Records to process:
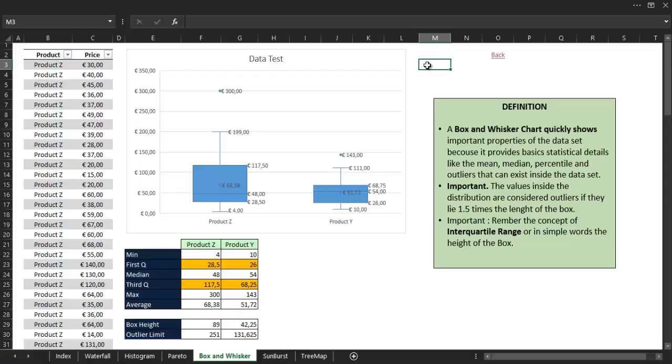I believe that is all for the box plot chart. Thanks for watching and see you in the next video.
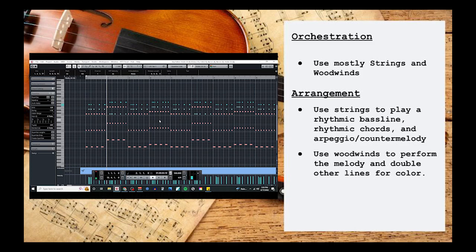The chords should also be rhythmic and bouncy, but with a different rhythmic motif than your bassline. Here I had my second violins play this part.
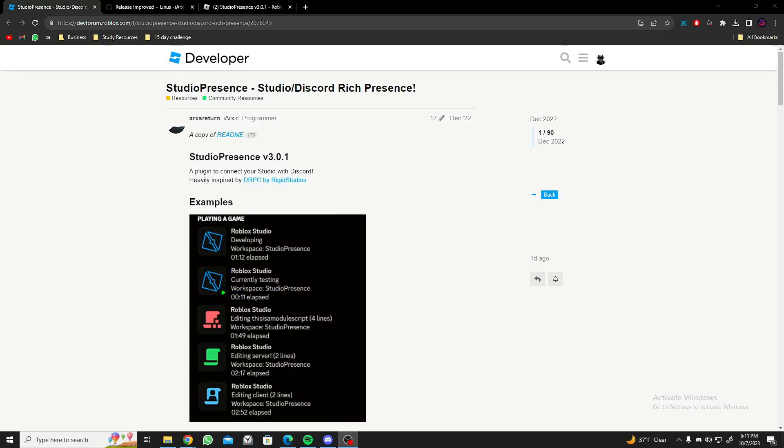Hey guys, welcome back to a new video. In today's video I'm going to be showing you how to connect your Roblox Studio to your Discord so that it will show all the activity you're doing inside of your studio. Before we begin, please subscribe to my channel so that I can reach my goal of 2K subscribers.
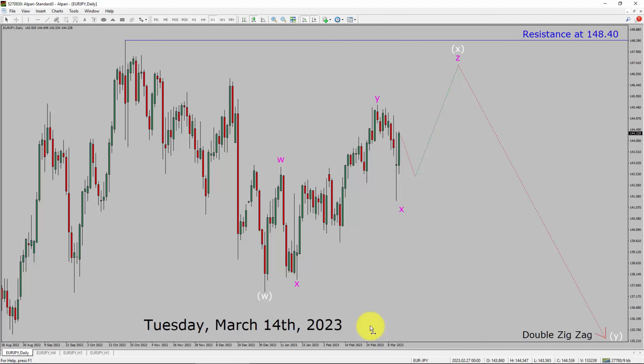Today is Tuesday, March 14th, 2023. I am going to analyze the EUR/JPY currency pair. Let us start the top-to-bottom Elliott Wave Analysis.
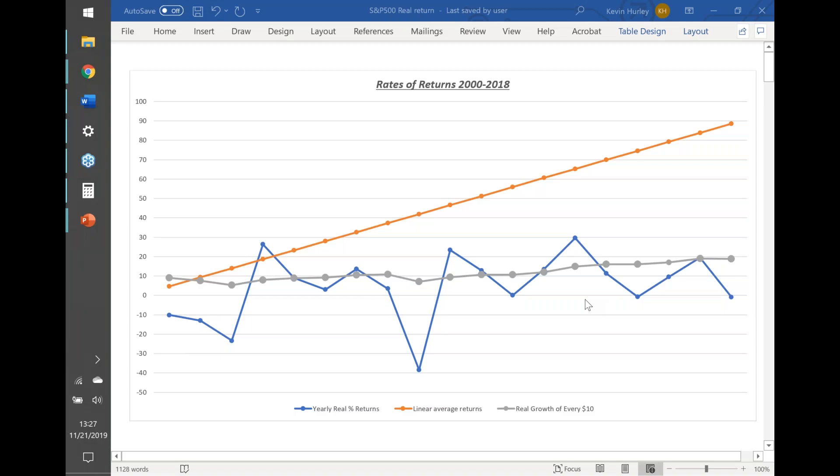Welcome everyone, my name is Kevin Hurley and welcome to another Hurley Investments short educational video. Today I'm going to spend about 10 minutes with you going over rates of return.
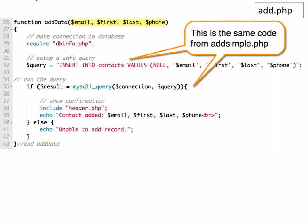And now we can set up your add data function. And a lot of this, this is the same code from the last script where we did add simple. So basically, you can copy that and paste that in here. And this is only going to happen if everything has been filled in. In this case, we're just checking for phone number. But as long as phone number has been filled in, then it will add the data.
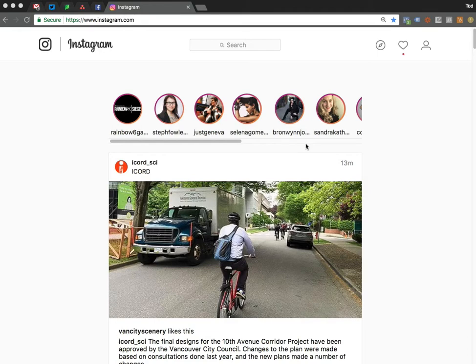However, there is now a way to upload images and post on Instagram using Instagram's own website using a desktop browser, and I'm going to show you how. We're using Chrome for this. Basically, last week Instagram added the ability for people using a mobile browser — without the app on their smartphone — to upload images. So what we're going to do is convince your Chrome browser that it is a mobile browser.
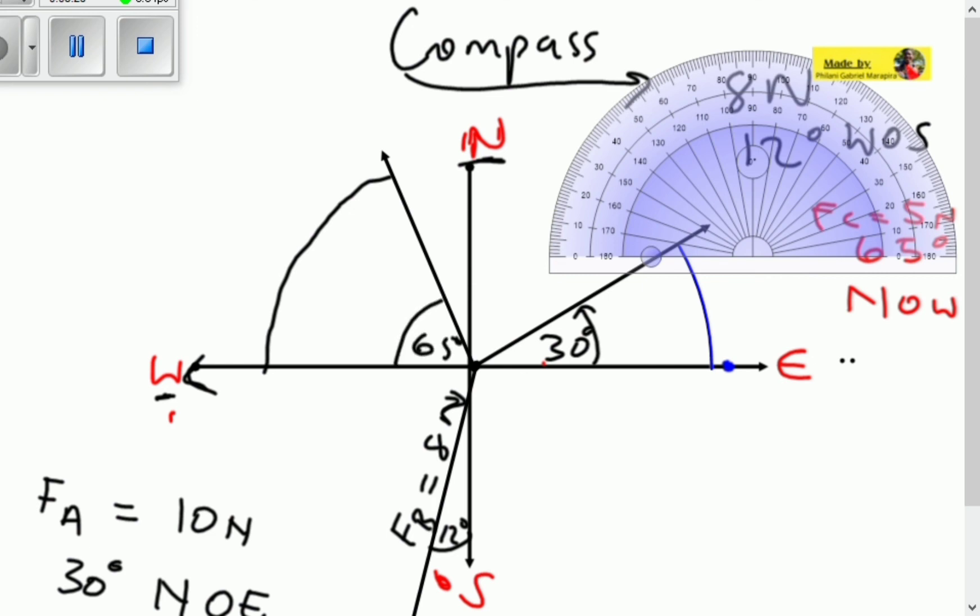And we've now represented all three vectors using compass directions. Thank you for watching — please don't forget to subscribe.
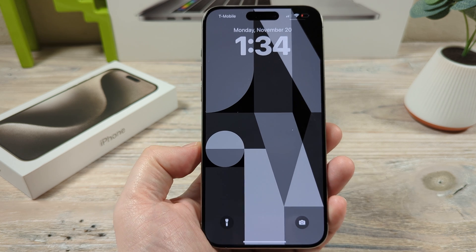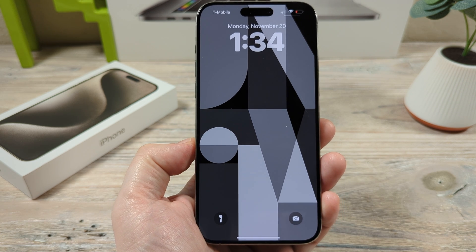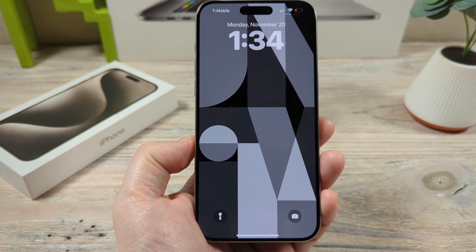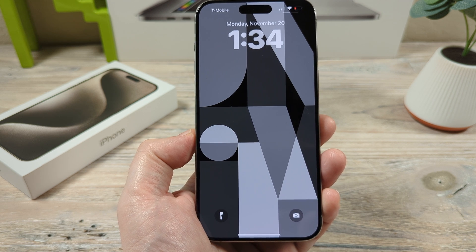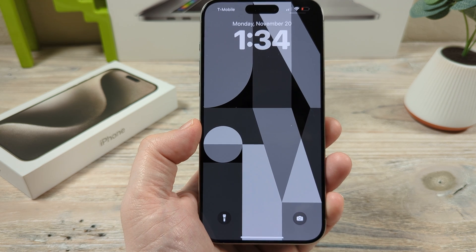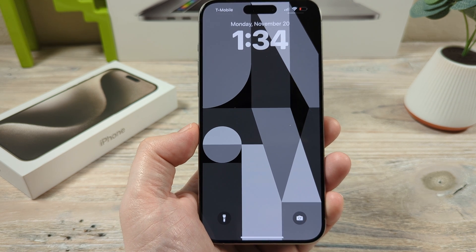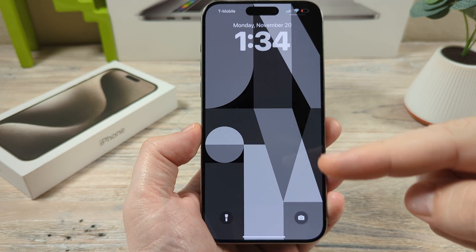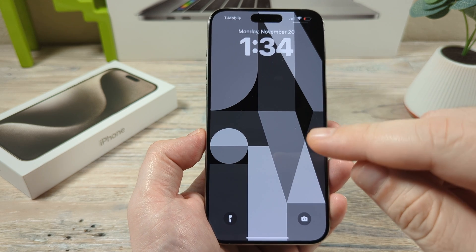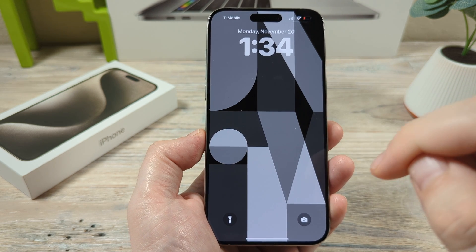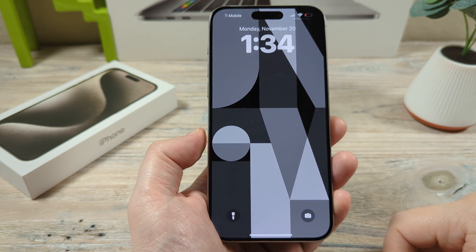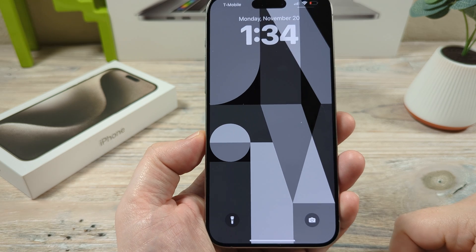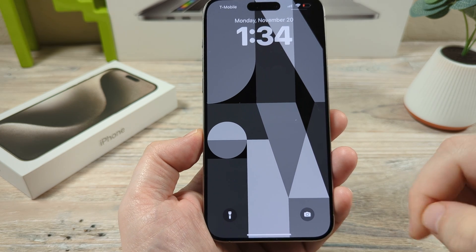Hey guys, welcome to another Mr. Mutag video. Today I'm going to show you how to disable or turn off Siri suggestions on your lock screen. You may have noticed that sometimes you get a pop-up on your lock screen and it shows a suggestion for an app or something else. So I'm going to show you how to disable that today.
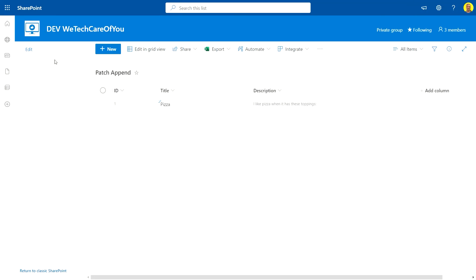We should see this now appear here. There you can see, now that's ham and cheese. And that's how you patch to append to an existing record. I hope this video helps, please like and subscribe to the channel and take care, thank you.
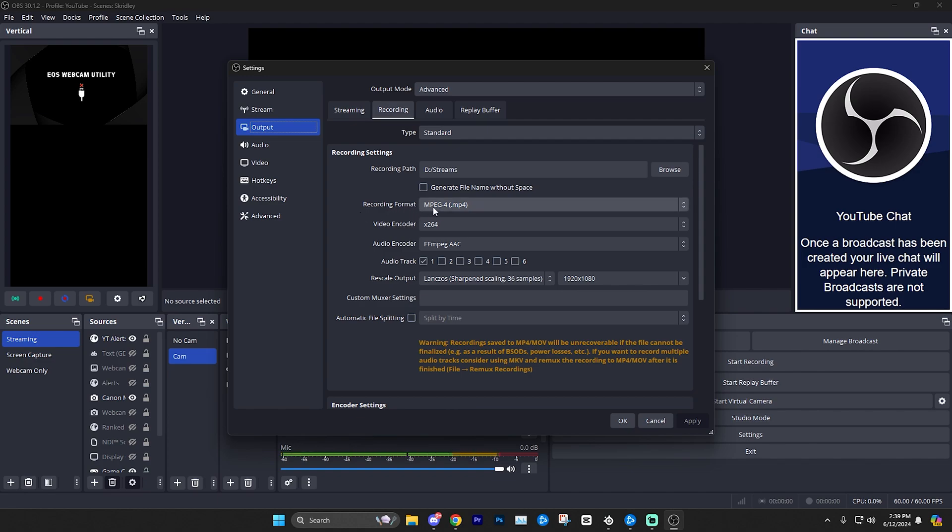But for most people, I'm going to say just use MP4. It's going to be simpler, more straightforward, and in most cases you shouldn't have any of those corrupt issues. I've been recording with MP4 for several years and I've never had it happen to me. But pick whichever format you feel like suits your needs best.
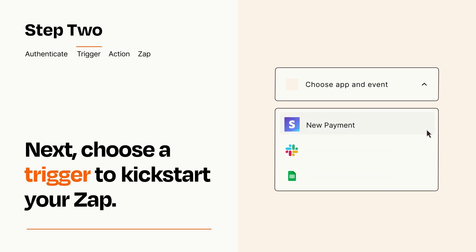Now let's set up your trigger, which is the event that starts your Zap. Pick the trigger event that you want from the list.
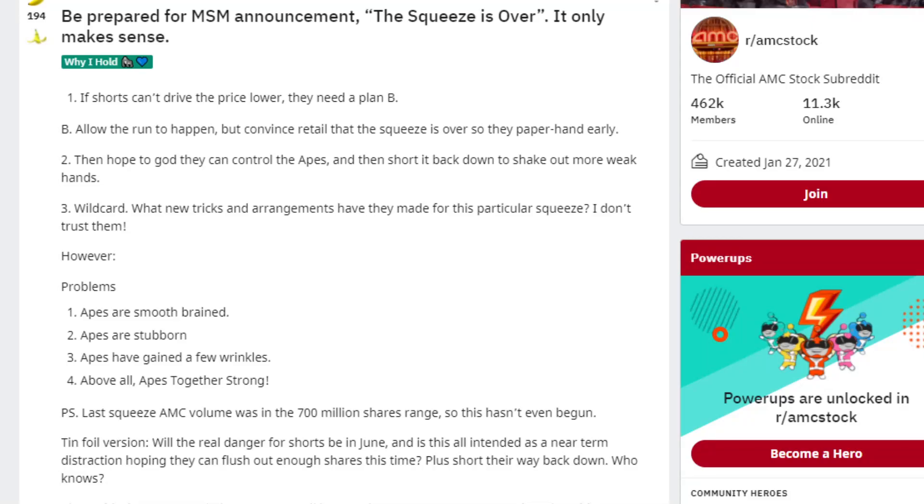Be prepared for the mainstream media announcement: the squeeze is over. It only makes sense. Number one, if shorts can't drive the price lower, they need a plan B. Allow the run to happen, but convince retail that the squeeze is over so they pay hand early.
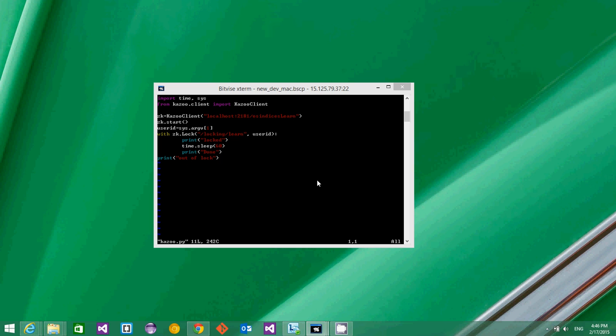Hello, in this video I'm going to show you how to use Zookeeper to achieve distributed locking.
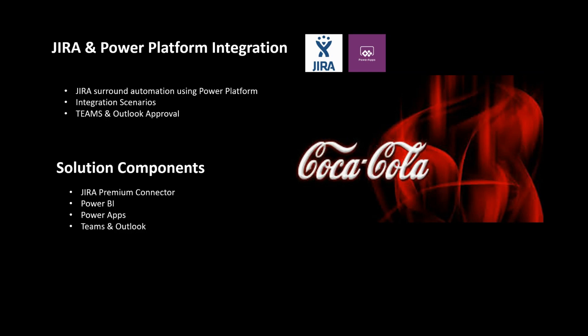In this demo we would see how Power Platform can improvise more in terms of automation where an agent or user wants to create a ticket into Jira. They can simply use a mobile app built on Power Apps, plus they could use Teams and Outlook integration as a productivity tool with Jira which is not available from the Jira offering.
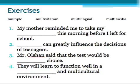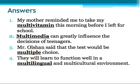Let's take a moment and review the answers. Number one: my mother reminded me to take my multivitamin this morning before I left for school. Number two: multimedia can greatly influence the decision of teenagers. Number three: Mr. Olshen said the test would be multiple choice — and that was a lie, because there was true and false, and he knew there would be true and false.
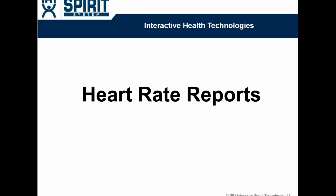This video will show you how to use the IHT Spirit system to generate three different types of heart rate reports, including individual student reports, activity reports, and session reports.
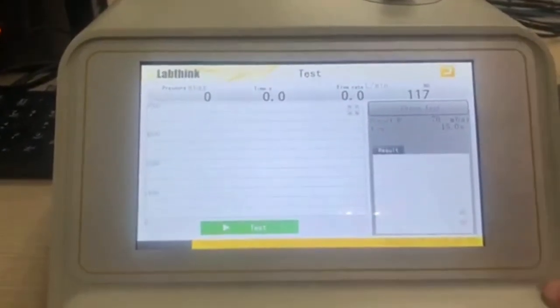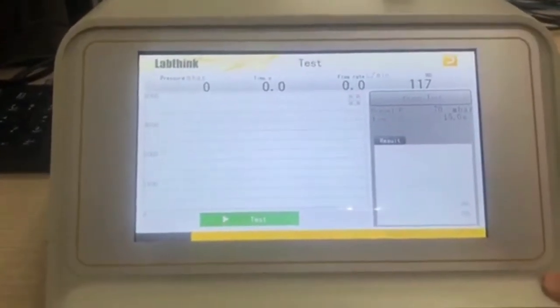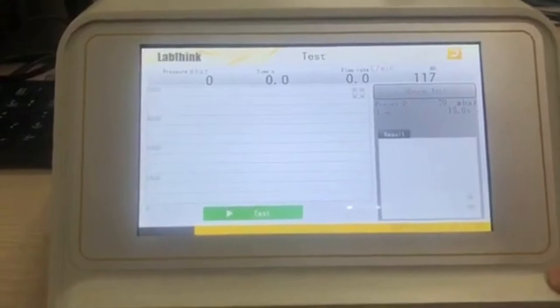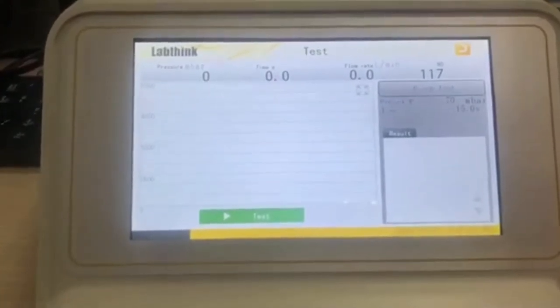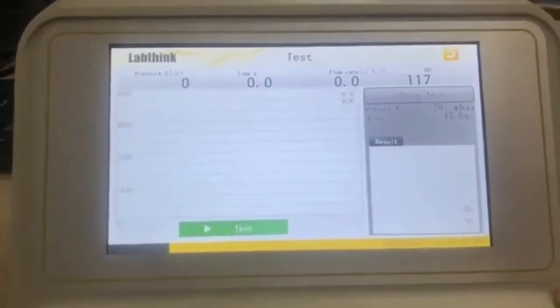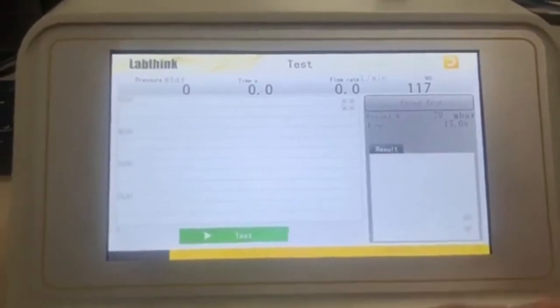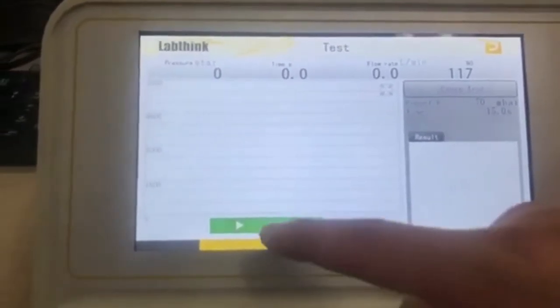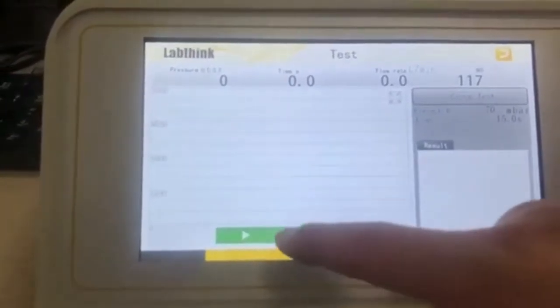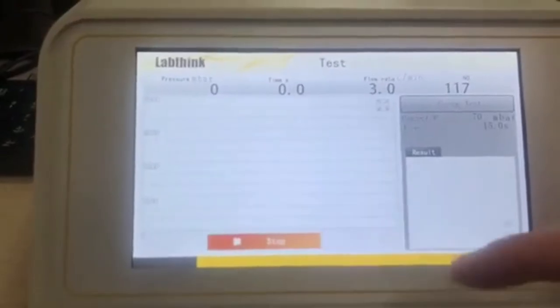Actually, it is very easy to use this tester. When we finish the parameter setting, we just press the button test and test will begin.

What is required:
Skip the pictures and print exactly the lines from the one containing "In this demo" through the end of the records above.

Solution to this task:
In this demo we would see how Power Platform can improvise more in terms of automation where an agent or user wants to create a ticket into Jira. They can simply use a mobile app built on Power Apps, plus they could use Teams and Outlook integration as a productivity tool with Jira which is not available from the Jira offering.
Let's take a moment and review the answers. Number one: my mother reminded me to take my multivitamin this morning before I left for school. Number two: multimedia can greatly influence the decision of teenagers. Number three: Mr. Olshen said the test would be multiple choice — and that was a lie, because there was true and false, and he knew there would be true and false.
This video will show you how to use the IHT Spirit system to generate three different types of heart rate reports, including individual student reports, activity reports, and session reports.
Actually, it is very easy to use this tester. When we finish the parameter setting, we just press the button test and test will begin.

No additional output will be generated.